Okay, with some samples selected and Dilla installed, we're finally ready to start coding and composing.

Initializing Dilla

The Dilla module exports a constructor function, to which we can pass tempo, beats per bar and bars per loop as options. For a boombap beat, the default 4 beats per bar and 2 bars per loop works fine, so we'll just change the tempo to 88 bpm.

var Dilla = require('dilla');
var Context = window.AudioContext || window.webkitAudioContext;
var audioContext = new Context();
var dilla = new Dilla(audioContext, {
  'tempo': 88
});

Loading sounds

We'll need an asynchronous function that can load a sound file over XHR, decode it and save a reference for later use.

// Will store our decoded sound buffers
var sounds = {};

// Load a sound file and decode its data
function loadSound (name, done) {
  var request = new XMLHttpRequest();
  request.open('GET', 'sounds/' + name + '.wav', true);
  // Make sure to set the response type to "arrayBuffer"
  request.responseType = 'arraybuffer';
  request.onload = function soundWasLoaded () {
    audioContext.decodeAudioData(request.response, function (buffer) {
      sounds[name] = buffer;
      done();
    });
  };
  request.send();
}

Create an array with the names of the sounds we want to load. For now, we'll start with the drum sounds and add the rest later.

var soundNames = [
  'kick', 'snare', 'hihat'
];

Then add a recursive function that gets the name of the next sound to load, and when all sounds are decoded and ready, starts the playback.

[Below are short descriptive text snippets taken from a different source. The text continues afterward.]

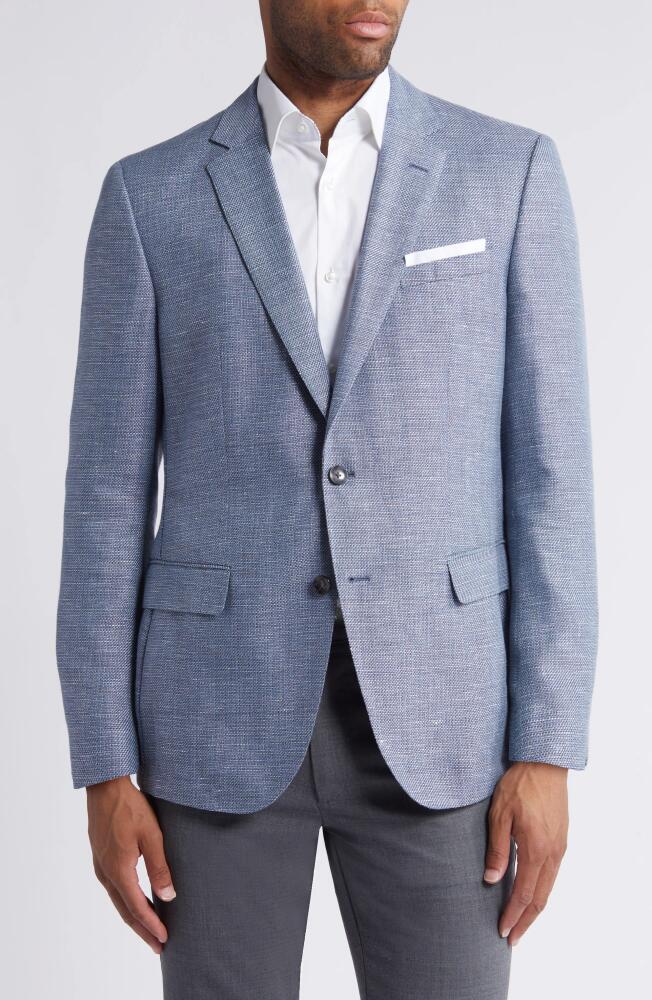 BOSS Hutson Linen & Wool Sport Coat in Open Blue Cover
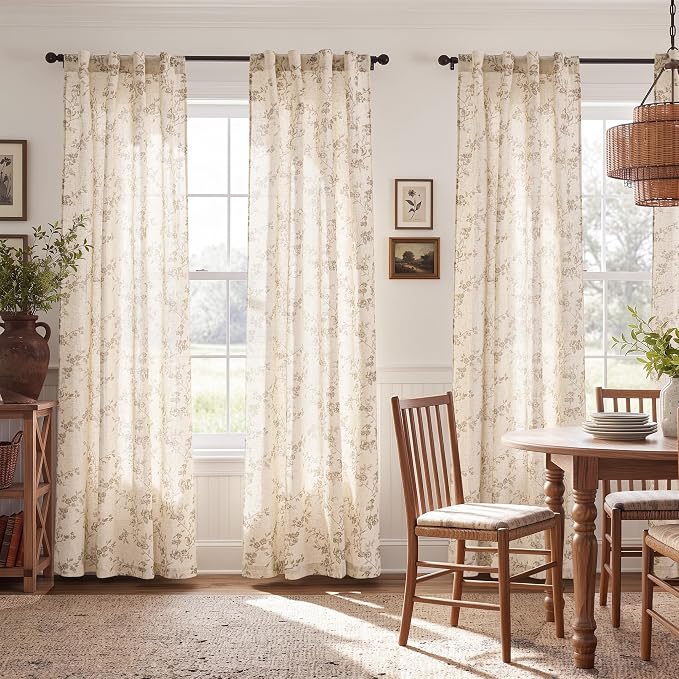 jinchan Taupe Floral Linen Curtains 84 Inch Farmhouse Back Tab 2 Panels | Taupe - Image 3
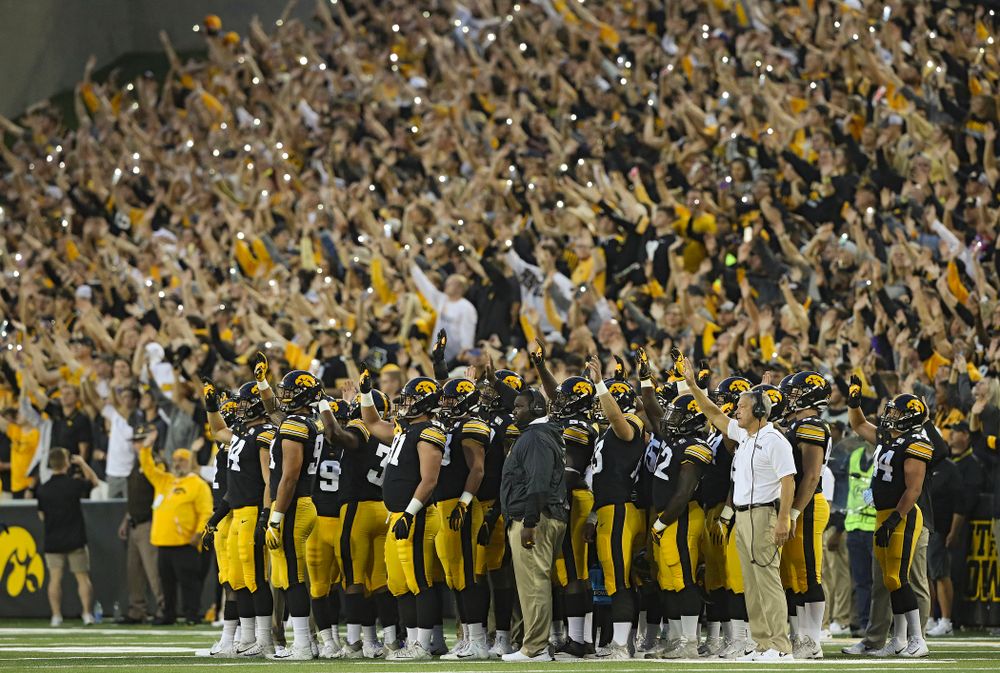 The Iowa Hawkeyes wave to the University of Iowa Stead Family Children’s Hospital between the first and second quarter of their game at Kinnick Stadium in Iowa City on Saturday, Aug 31, 2019. (Stephen Mally/hawkeyesports.com)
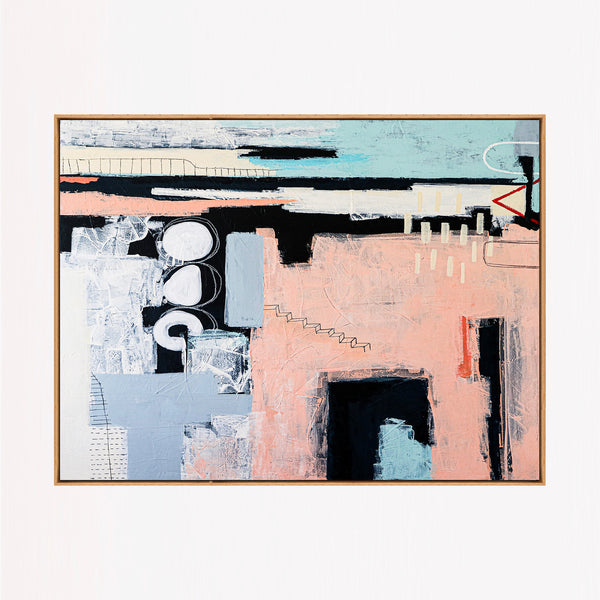 Bold Pink Modern Abstract Wall Art — Original Oil Painting, Textured Canvas — "Archive of longings (Horizontal Ver.)"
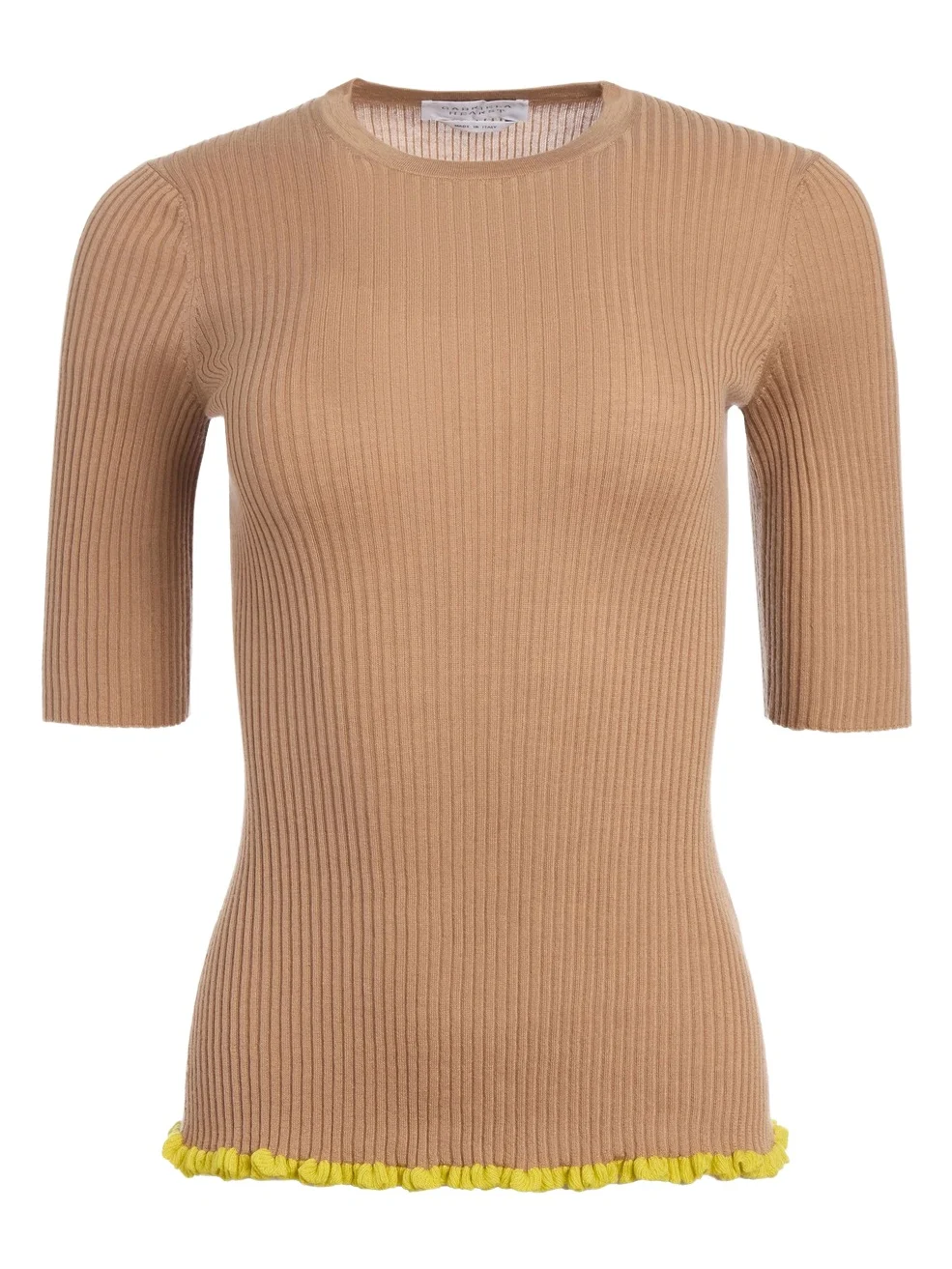 Gabriela Hearst Mireya Knit Top in Camel Silk Casmere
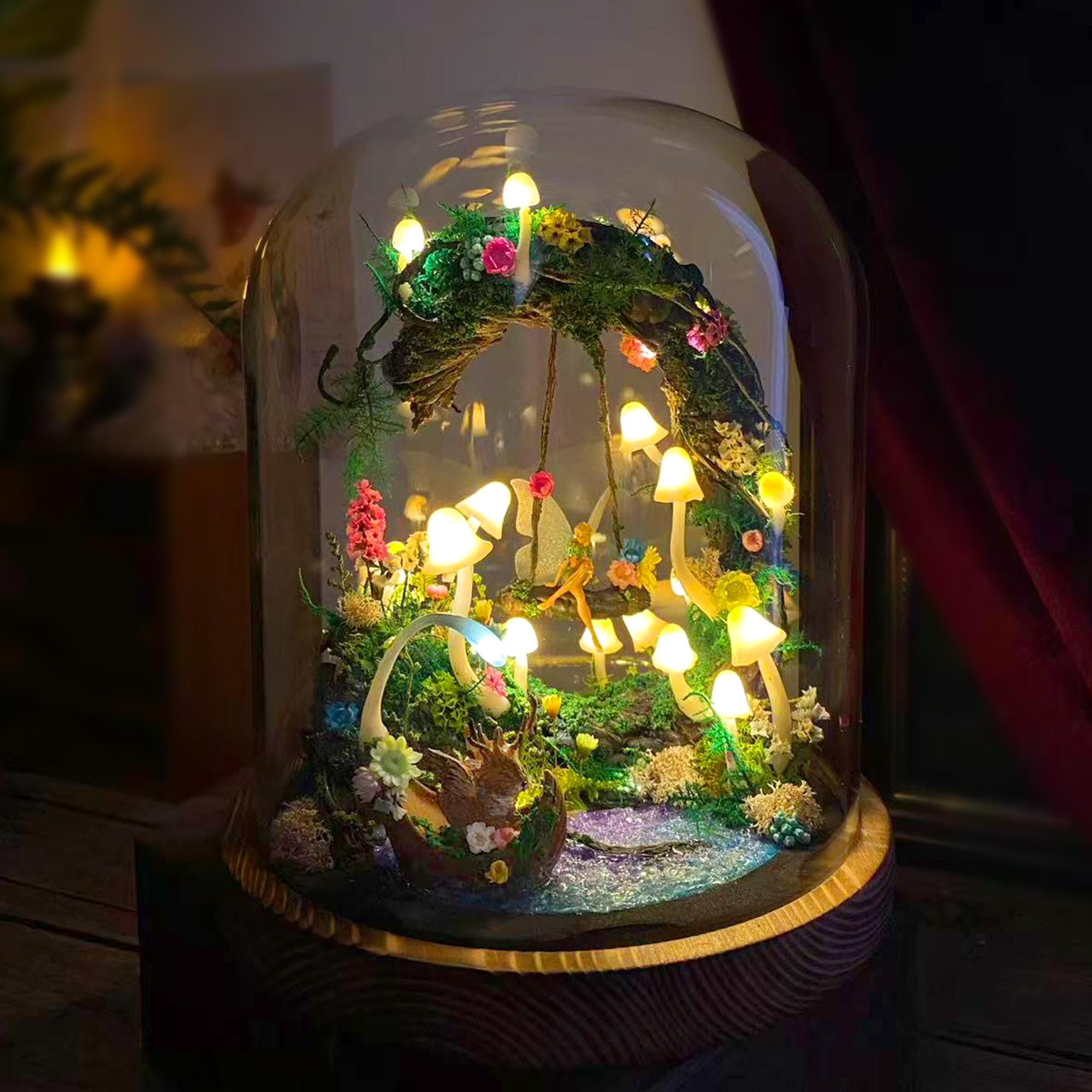 Enchanted Mushroom Forest Night Light with Mini Jackalope & Fairy original gallery image 1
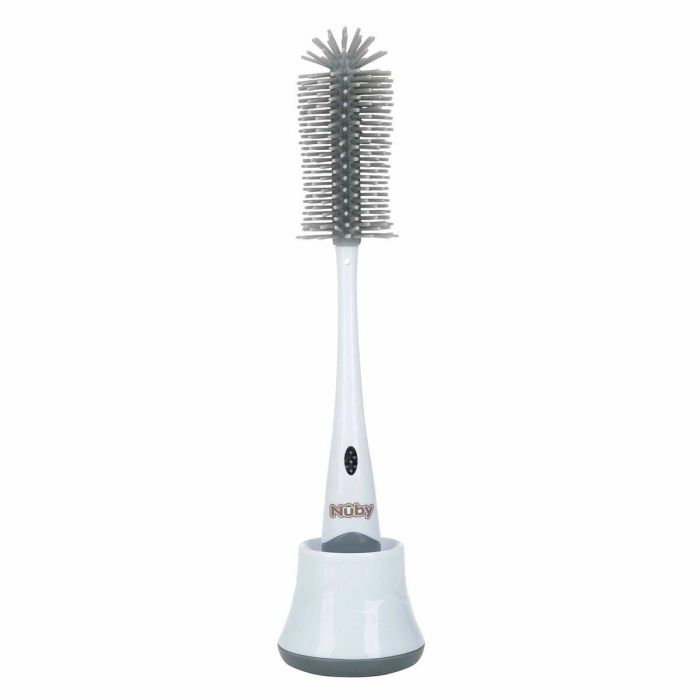 Nuby NUB0048526993925 Cepillo de limpieza 2 en 1 para biberón y tetina con soporte higiénico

function loadNextSound () {
  var soundName = soundNames.shift();
  if (!soundName) return dilla.start();
  loadSound(soundName, loadNextSound);
}

Now, to start the clock that runs Dilla, we just need to load the sounds, one by one, and wait for the array of names to be empty.

loadNextSound();

Programming drums

To compose the beat, we'll use dilla.set(id, notes) to define an array of notes for the channel with id "kick".

A note is an array with two values: start position, which is required, and an object with any other parameters, all optional. Below we're also defining gain, but only for some notes - this is because we'll default this attribute to 1 in the function that plays the sound buffer.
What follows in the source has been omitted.